July 13th, 2011 · 2 Comments · Agoura Hills, Conejo Valley, Development, History, Meditations, Oak Park, Outdoors

Molly Jordan walked a familiar trail from her childhood last evening with Mary Wiesbrock and me, before attending the Oak Park History Night at the Oak Park Library.

 We were walking up the trailhead to Palo Comado Canyon in our National Park, which is on Sunnycrest Road.  That trail was a part of Molly’s grandparents’ working cattle ranch, Jordan Ranch, and she remembers visiting her grandparents there when she was 5 or 6 years old.

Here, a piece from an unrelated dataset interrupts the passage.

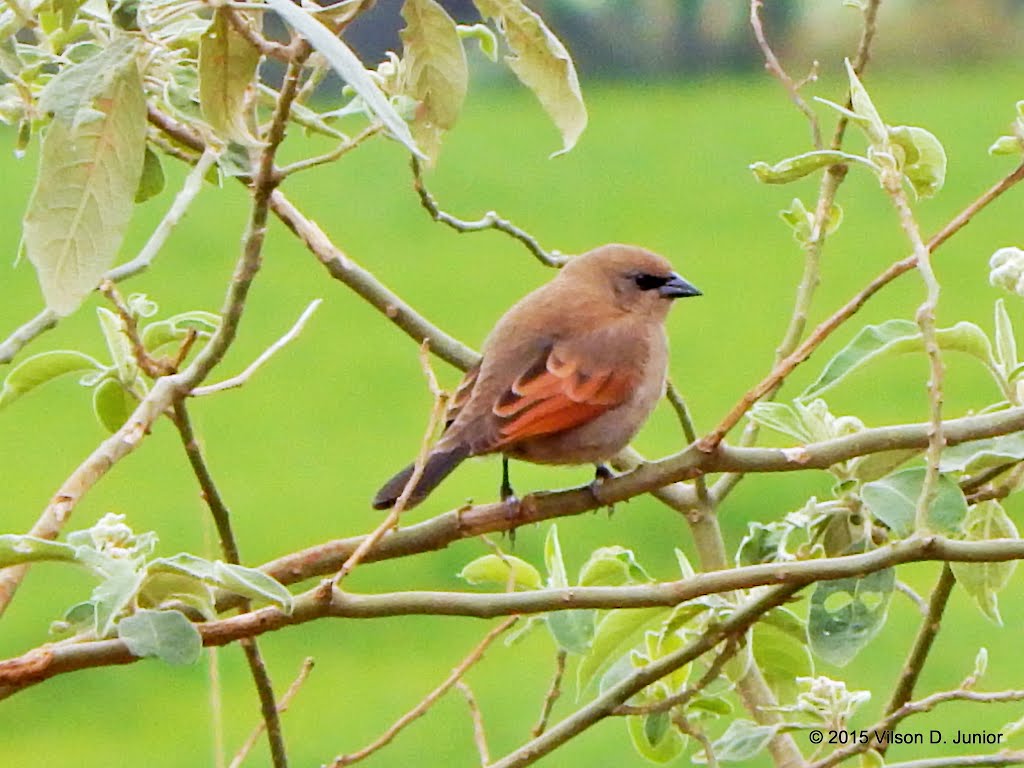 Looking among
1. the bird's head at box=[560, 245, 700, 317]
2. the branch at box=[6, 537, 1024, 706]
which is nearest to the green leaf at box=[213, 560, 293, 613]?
the branch at box=[6, 537, 1024, 706]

Jordan Ranch is locally famous in Oak Park and Conejo Valley history, and her grandparents, Jim and Marian Jordan, were famous across the country from the 1930′s on, as popular radio characters, Fibber McGee and Molly. 

Molly would visit them occasionally, from her home in the San Fernando Valley.  She said that she did not have linear memories from that time, but sense memories.  One of these sense memories Molly shared was of driving in the ranch jeep and bouncing over cattle guards.

Molly Jordan also shared later at the History Night event, that the ranch house always smelled of cloves, as did her grandmother, Marion Jordan.

On the walk, she and Mary also spoke of the successful campaign they waged to have the ranch land spared from development and turned into a national park.

And, Molly spoke of her love of the land, of the oak trees, of the animals that abide here and of the glorious vistas.  It felt very special to me to be on this walk with these two wilderness warriors, and I thank them for the gift of this land, that they have given to us all.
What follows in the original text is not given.